All tools needed to open and repair any part of the system are available.

Servers

A server…

  • has at least two disks configured with RAID >= 1.
  • has at least two separate network interface cards (NICs).
  • has all RAID controllers backed with battery backed write caches (BBWC).
  • was dimensioned with adequate future-proof hardware.
  • has a lifetime of 2+ years.

Switches

A switch…

  • is manage- or configurable.
  • is supported by the configuration backup software in use (e.g. RANCID)
  • provides the following protocols: STP, SNMP, IPv6 support (mgmt+multicast), RADIUS for AAA
  • does not forward the default VLAN (1) on it’s uplink/trunk ports.
  • does have a description for every port in use (including hostname and interface, e.g.: server01#eth0, server01#oob, switch03#24)
  • does not have any enabled, unused ports: set them to disabled and remove any other configuration for this port.
  • blocks or does not forward any discovery protocols on it’s user ports.
  • is using AAA for authenticating users.
  • logs to a central syslog server.

Operating Systems

An operating system (OS) is considered as everything running on a server or instance, to support a service or an application.

An Operating System…

  • uses OS-CHOICE-HERE/stable as default distribution on servers.
  • uses OS-CHOICE-HERE as default on clients.
  • is rebooting without any manual interventions.
  • provides access by SSH.
  • does not permit root login via SSH.
  • has a root password set.
  • has the current time, synchronized with a time server and uses TIMEZONE-CHOICE-HERE as time zone.
  • can resolve internal and internet names via DNS.
  • installs software by packages.
  • installs packages from a central internal repository and the official distribution repositories.
  • software installed by packages should conform to the FHS.
  • software not installed by packages should be installed by a reproducible deployment process.
  • has sane defaults set, for user and process environments (locales, shells, screen, got some handy tools, etc.).
  • should not provide typical compiler tools (gcc, build-essential).
  • provides a manageable AAA concept (e.g. automated provisioning and de-provisioning of staff users).
  • sends mails destinated for root to a central location.
  • provides a local mailer.

Hostnames

Hostnames exist to identify every part of your infrastructure uniquely. They are used to refer to systems in your configurations and in discussions. You should think about a naming convention, but here are some rough guidelines.

Hostnames …

  • have to be unique.
  • have to end with a number, which should never be reused and always be incremented.

Services

A service is considered as everything running on a server’s operating system, to provide continuous functionality (e.g. a script or an application).

A service…

  • does only log errors and auditing information. Application services may as well log more information (e.g. Apache access log).
  • has defined log retention times.
  • logs to syslog unless it’s not possible.
  • is authenticating only on secure connections.
  • has an adequate and future-proof dimensioned datastore.
  • was deployed in a reproducible way.

Networks

A network is considered any part of infrastructure, which is used to interconnect servers or systems. (Layer 1,2,3,4,…)

A Network…

  • has clear entry and routing points.
  • has a diagram which describes access vectors, the logical and physical setup.
  • is deployed in adequate and future-proof dimensions (vlans, ip addresses, bandwidth).
  • uses structured cabling.
  • there is no cross-cabling, except for very rare situations (e.g. HA cabling).
  • should not be used for multiple purposes at least not share one of the following classifications.
    ClassDescription
    net Internet/upstream network
    mgmt Management network (monitoring, remote access)
    traffic Site local traffic network
    backup Traffic network for backups
    voip Voip Telephony network
    clients A network with client workstations.
    devel A network with development machines.
    staging A network with staging equipment.

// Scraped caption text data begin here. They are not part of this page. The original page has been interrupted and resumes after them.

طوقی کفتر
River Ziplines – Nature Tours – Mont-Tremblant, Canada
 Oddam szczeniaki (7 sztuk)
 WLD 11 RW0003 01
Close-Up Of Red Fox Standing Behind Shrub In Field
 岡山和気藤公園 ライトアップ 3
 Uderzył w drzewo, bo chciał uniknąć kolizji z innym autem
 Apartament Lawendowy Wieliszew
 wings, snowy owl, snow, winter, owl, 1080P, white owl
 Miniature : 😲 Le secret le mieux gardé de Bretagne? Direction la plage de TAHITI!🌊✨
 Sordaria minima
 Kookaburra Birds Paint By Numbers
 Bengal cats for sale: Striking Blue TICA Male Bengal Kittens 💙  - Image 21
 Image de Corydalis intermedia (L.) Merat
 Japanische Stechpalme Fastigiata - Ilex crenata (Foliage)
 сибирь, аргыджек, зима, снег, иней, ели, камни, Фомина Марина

  • OOBs are easy to reach, even in case of an outage.
  • VLAN-IDs are considered global, create a list.
  • All VLAN-IDs below 99 are switch-local.
  • VLANs have a name and a location.
  • All address space is considered global (vlans, ip- and mac addresses, including RFC1918)

To round up my article, here is a example checklist we use to peer review new systems:

Example Review Checklist

Every newly deployed host or instance should undergo a peer-review process. The checklist below will provide you with a couple of base acceptance criteria and is going to ensure a certain level of quality. Give it to any other sysadmin and ask him or her to check the system, before it’s put into production.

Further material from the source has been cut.